Child refugees and migrants suffer most by border restrictions, says UNICEF

Child refugees and migrants suffer most by border restrictions, says UNICEF

10:20
On 20 February 2016, refugees from Afghanistan walk towards the Tabanovce reception centre for refugees in the former Yugoslav Republic of Macedonia after being refused entry into Serbia. Hundreds of Afghan refugees, including children and women, are stuck in freezing conditions in Tabanovce in the former Yugoslav Republic of Macedonian as border changes in the Balkan region create confusion and chaos.

Hundreds of Afghan refugees, including children and women, are stuck in freezing conditions in Tabanovce in the former Yugoslav Republic of Macedonian as border changes in the Balkan region create confusion and chaos.

© UNICEF/UN010691/Georgiev – Hundreds of Afghan refugees, including children and women, are stuck in freezing conditions in Tabanovce in the former Yugoslav Republic of Macedonian as border changes in the Balkan region create confusion and chaos.

 

GENEVA/ HONG KONG, 1 March, 2016 – The dire situation unfolding at border points along the Balkan land route, especially in the former Yugoslav Republic of Macedonia and Greece, has left thousands of children stranded, distressed and at risk of poor health and abuse, says UNICEF.

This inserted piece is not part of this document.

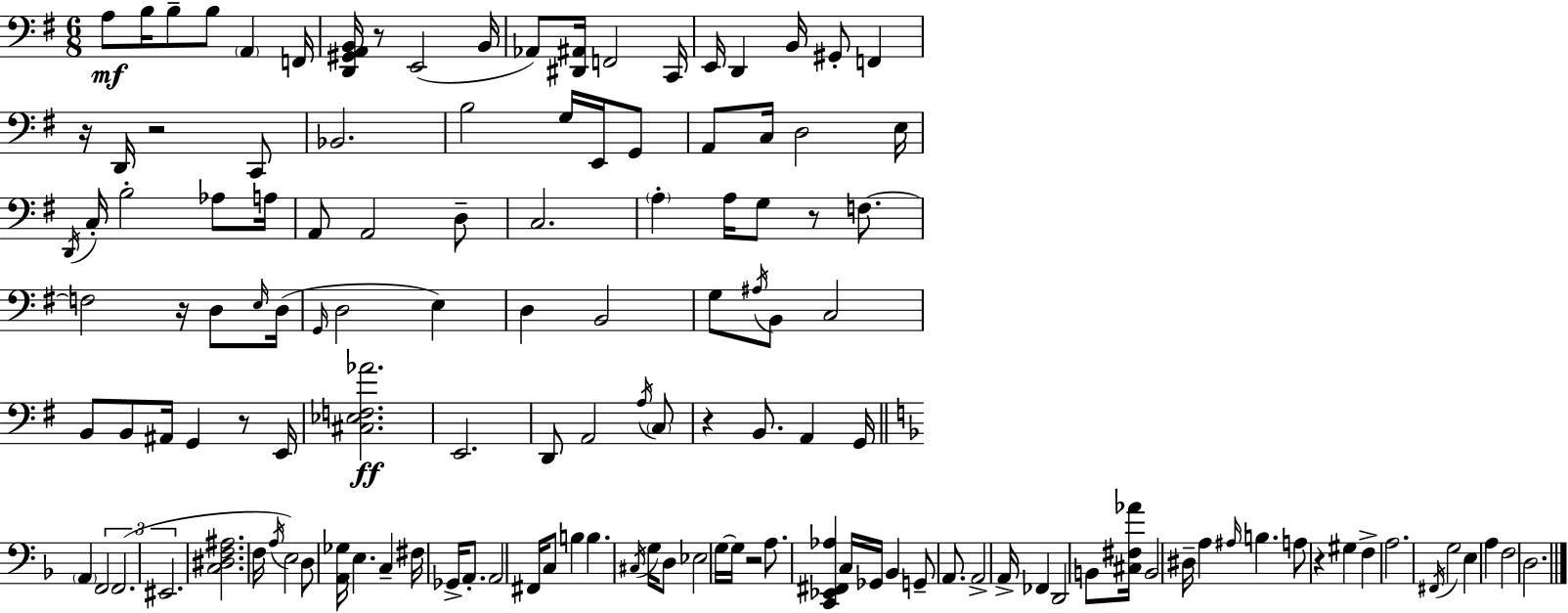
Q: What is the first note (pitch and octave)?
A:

In the chaos and confusion, children have been forced to sleep outside in the open in squalid conditions for over a week, lacking access to basic services, such as showers and the right food. Families risk separation, and children have been stuck outside transit centres or for hours in trains with no clear destination.

© UNICEF/UN010692/Georgiev
Children and women seek shelter at UNICEF child friendly space at the Tabanovce reception centre for refugees in the former Yugoslav Republic of Macedonia after being refused entry into Serbia.

“What I am witnessing here is small children under the age of five stuck in between two fences,” said Jesper Jensen, UNICEF emergency field co-ordinator in Gevgelijia, in the former Yugoslav Republic of Macedonia. “They cannot go forward and they cannot go back – they need shelter and rest and they need to know what lies ahead.”

Due to the rapidly-evolving situation at border transit centres in the former Yugoslav Republic of Macedonia, UNICEF has been scaling up its response. These activities include facilitating access to water and sanitation facilities, especially for children and small babies, and providing personal hygiene items and food to help children and their families cope amidst distressing conditions.

UNICEF repeats the call for a united, co-ordinated approach by all governments along the primary transit routes and in countries of destination.  No child should have to spend the night without shelter and without access to basic services.